Making a case that the police investigation had been unprofessional, Roux repeatedly asked why Vermeulen had failed to probe into the provenance of a footprint on a panel of the meranti door.

The lawyer argued that it provided proof that Pistorius had been wearing his prostheses and had tried to kick down the door, adding that an independent expert had found bits of fabric attached to the wood.

Roux then proceeded to show the High Court in Pretoria a picture of his client’s bloodied prosthetic legs to back up his argument.

The right leg had blood streaks on it, and one of the grey ankle socks had a dark stain near the toes.

Vermeulen conceded that only part of the prosthesis — the shin — had been examined by him, saying he had received Pistorius’s prosthetic legs without the socks, and his brief had been limited.

“I was not requested to do analysis on the prosthetic foot, except for that mark that was on the shin,” said Vermeulen.

Roux wryly commented: “It would have been fantastic as a qualified foot print examiner seeing that mark… to just do the test.”

State prosecutor Gerrie Nel returned to the subject when he re-examined Vermeulen, asking him whether the accused may have kicked the door for another reason than to gain access to the toilet cubicle, for example to intimidate the person was inside.

Vermeulen said this would be speculation.

“Let’s speculate,” Nel responded, to which the witness responded that the State’s scenario was possible.
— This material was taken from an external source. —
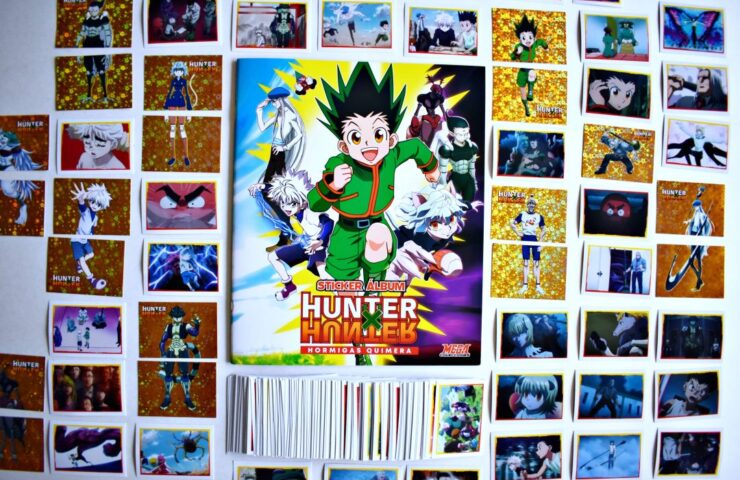 . Hunter X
Nel also asked Vermeulen whether he could definitively say that the dents in the door were all made only after the bullet holes.

He could not, Vermeulen answered.

The questions were in line with the State’s submission that Pistorius and Steenkamp had argued on the night he shot her, something the accused has denied in his sworn statement to the court as “unfair and incorrect”.

The trial, which is being televised live, was scheduled to continue until March 20 but an assistant prosecutor indicated on Thursday that it was now likely carry on at least until April 4.